Leila Alaoui : Passionnée jusqu’au bout
La mort de la jeune photographe franco-marocaine, Leila Alaoui, victime de la barbarie terroriste à Ouagadougou le 15 janvier, a suscité une grande émotion. Sa perte est un gâchis pour l’art car c’était une artiste passionnée, qui aimait foncièrement l’humanité dans toute sa diversité…
Dotée d’une sensibilité rare, Leïla Alaoui faisait partie de ses êtres qui pensent trop à l’humain et à ceux qui souffrent. Elle avait trouvé un moyen de figer les instants rares, les instants pleins de sens pour changer les choses. Les camps des réfugiés étaient son refuge, elle n’hésitait pas à suivre les Subsahariens dans les forêts de Tanger, habitait à Beyrouth dans ce qu’elle appelait un «tombeau ouvert où une catastrophe peut survenir à tout moment». Une artiste engagée, parfois même enragée, une écorchée vive qui travaillait avec son cœur et son âme. D’après Mahi Binebine, qui lui a fait un vibrant hommage sur la toile, elle était fatiguée et pensait à se retirer pour fonder une famille.
À 33 ans, elle était déjà une photographe reconnue dans le monde entier. D’ailleurs, elle préparait un reportage pour Amnesty International sur les femmes violées… On se souviendra de son travail sur les Marocains «Moroccans», on se souviendra de «No Pasara», son travail sur les «harraga» qui rêvent d’un avenir meilleur en Europe, on se souviendra de «Crossings», des travaux aussi profonds et imprégnés qui avaient pour vocation de bousculer les mentalités. Elle a créé, avec son compagnon, Nabil Canaan, un espace artistique qu’ils ont baptisé «La Station».
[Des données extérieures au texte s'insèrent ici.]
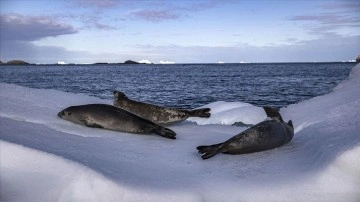 Antarktika’dan denize munsap  herhangi bir sekte su iklim değişikliğine etmen oluyor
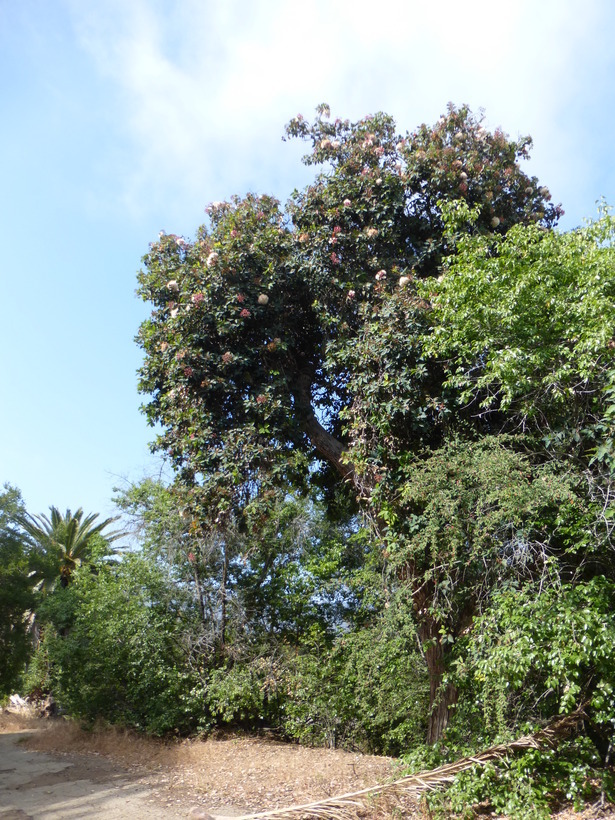 Sivun Corymbia calophylla (Lindl.) K. D. Hill & L. A. S. Johnson kuva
Et ce n’est pas fini puisque son œuvre n’a jamais été aussi utile, elle sera présente à Marrakech le 28 février prochain. «Nous sommes fiers et émus d’accueillir cette année, en ultime requiem, son exposition «L’île au Diable». Cette installation vidéo mettra en lumière l’ancienne usine automobile Renault Billancourt à Paris et ses milliers d’ouvriers issus des anciennes colonies françaises. À travers l’hommage qu’elle rend à ces âmes oubliées et déracinées, c’est son esprit solaire et audacieux que nous serons heureux de saluer à la Biennale de Marrakech». Ses funérailles, mercredi dernier à Marrakech, avaient un goût d’amour et de rapprochement.
Au-delà de la douleur de la perte, tout le monde a pu constater que Leïla avait réussi à rassembler toutes les religions, toutes les cultures alors qu’elle allait rejoindre sa dernière demeure. Une belle façon de venger sa mort, de dire non à l’obscurantisme …Encore une belle leçon d’humanité pour tirer sa révérence.